Il en résultait des températures intenses capables de faire fondre le métal : « C’était presque comme une bête vivante, qui respirait. »
Le changement climatique a-t-il joué un rôle ? M. Parkyn fait référence à sa formation scientifique : selon lui, il serait difficile de dire qu’il n’y a pas de lien, étant donné les températures record que connaît actuellement l’Australie en particulier, et la fréquence des catastrophes météorologiques extrêmes au niveau international. Il cite en exemple les incendies de Californie de l’année dernière, les plus meurtriers de l’État américain.
Les dégâts du samedi noir ont également été exacerbés par l’urbanisation, dit-il. Risk Frontiers, un centre de recherche, a estimé que près d’un million d’adresses en Australie sont situées à moins de 100 m du bush.
A la suite, une enquête de la commission royale a été annoncée, entraînant des changements généralisés dans la préparation et les protocoles relatifs aux feux de brousse. L’enquête a évalué le coût financier de la catastrophe à 4,4 milliards de dollars australiens (2,4 milliards de livres ; 3,14 milliards de dollars).
Les survivants ont également obtenu un versement de 500 millions de dollars australiens – le plus grand règlement de recours collectif de l’histoire juridique australienne. Mais cela n’a pas tenu compte du bilan invisible.
Le rapport Beyond Bushfires, qui a interrogé plus de 1 000 personnes touchées par les incendies, a trouvé des preuves de problèmes de santé mentale importants, notamment la dépression, le trouble de stress post-traumatique (TSPT) et la détresse psychologique grave. Les taux étaient nettement plus élevés que ce à quoi on pourrait s’attendre dans la population générale, a-t-il constaté.
La chercheuse principale, le Pr Lisa Gibbs, de l’Université de Melbourne, compare la catastrophe à une fenêtre fracturée : les fissures se propagent loin et largement, amplifiées par les petites populations rurales. Elle a constaté une augmentation mesurable de la violence domestique ainsi que des problèmes de santé mentale.

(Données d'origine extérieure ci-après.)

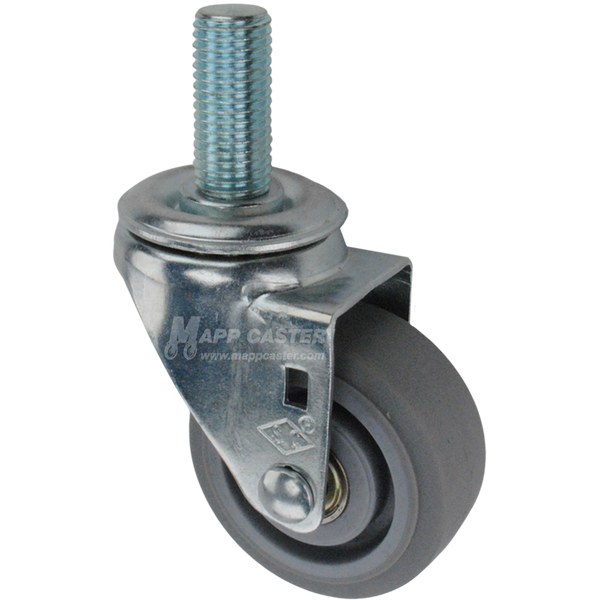 Metal caster TPR wheel with a metric threaded stem at the top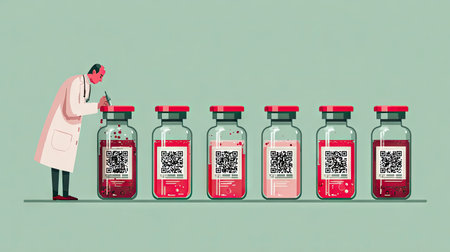 A medical professional carefully examines medicine vials featuring QR codes in a well-equipped laboratory setting, emphasizing scientific research and innovation.の素材
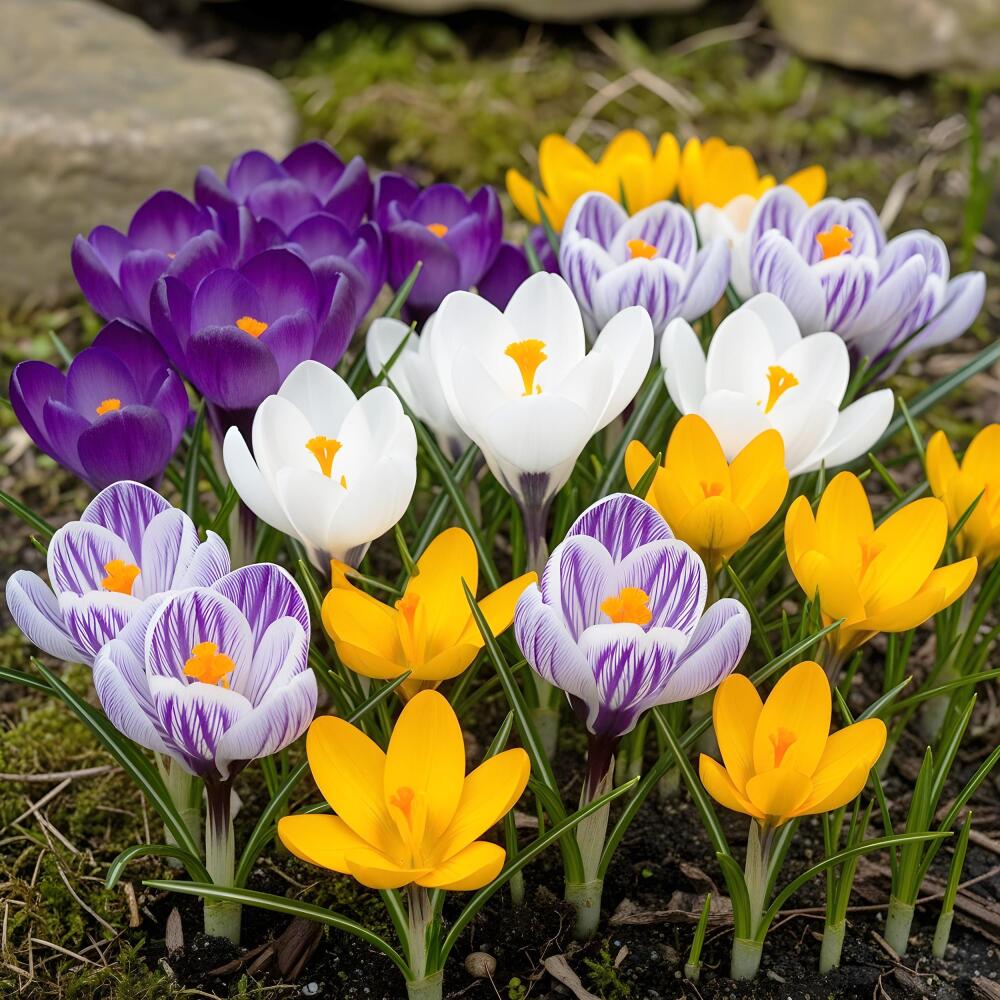 Unchanged clean shop original of large crocus garden mix, purple white striped and yellow cups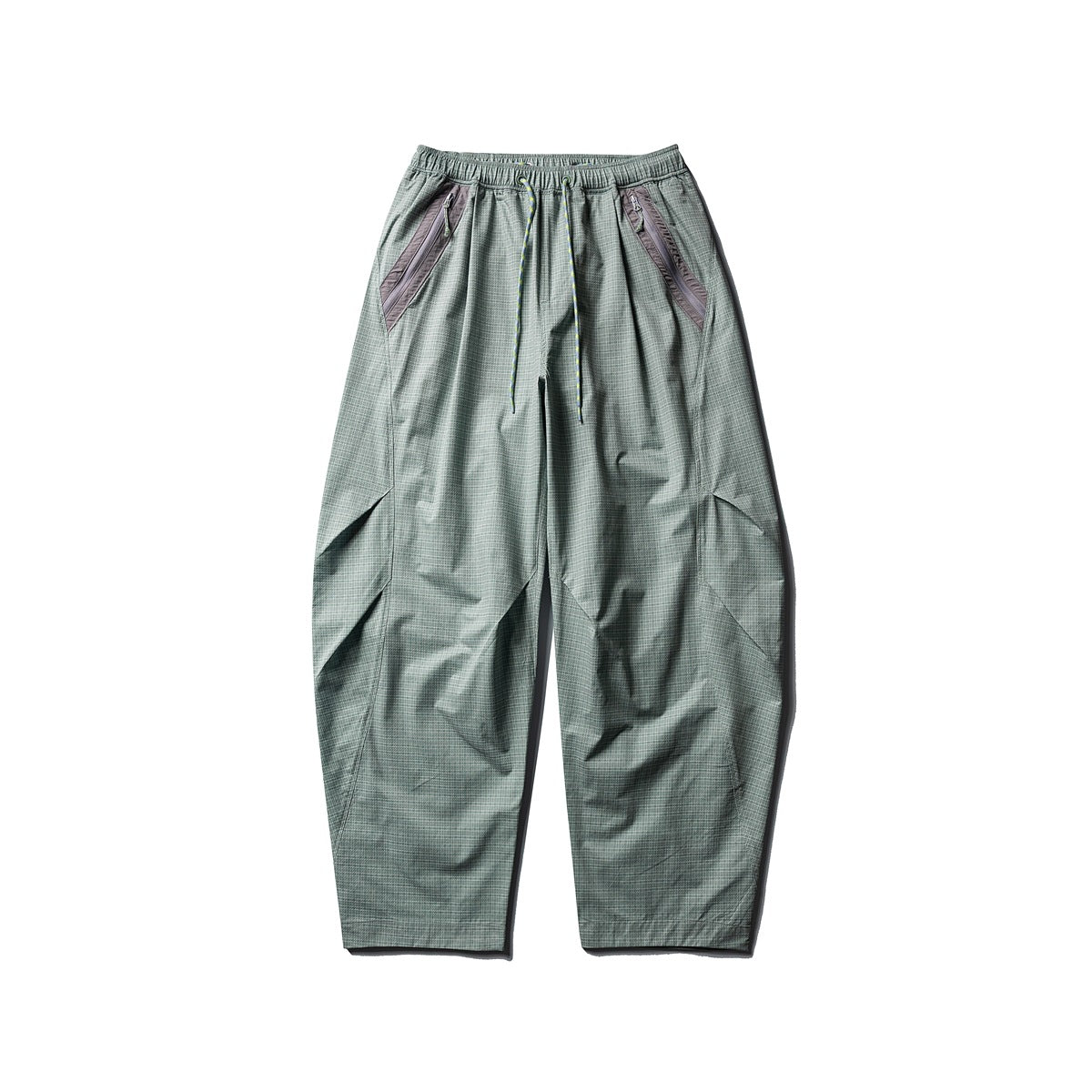 Pale green check wide-leg pants with mauve-gray zip pocket trim and drawstring, flat front view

Sur les braises, cependant, il y a aussi du bon. L’Australie est désormais bien mieux préparée aux incendies, grâce à de nouvelles mesures, notamment des codes de construction repensés et des messages d’alerte améliorés.
A l’échelle internationale, les chercheurs australiens sont désormais à la pointe de nombreuses technologies de lutte contre les incendies – des stratégies de persévération des camions-citernes à une étude de pointe sur les défaillances électriques. Le rapport Beyond Bushfires est désormais utilisé au niveau international.
La régénération et la croissance ont également eu lieu à un niveau plus personnel. M. Thomas est étonné par la résilience des habitants. Les communautés se sont reconstruites, le bush s’est régénéré.
Pour Karen Curnow, cela lui a donné une chance de repartir à zéro : « Je ne me vois pas comme une victime ou une survivante. Je me considère simplement comme une personne très chanceuse. »
Cette semaine, des événements solennels ont marqué l’anniversaire de la tragédie.
Mais pour beaucoup de personnes directement marquées par le samedi noir, il y aura un soulagement lorsque jeudi sera passé et que les gens pourront aller de l’avant, dit M. Thomas. Marysville se remet lentement, mais « ce ne sera plus jamais la même ville ».
« Mais en tant que communauté, nous sommes solidaires », dit-il. « Nous sommes toujours là. Nous sommes toujours debout. »
Rapports supplémentaires de Simon Atkinson et Hywel Griffith.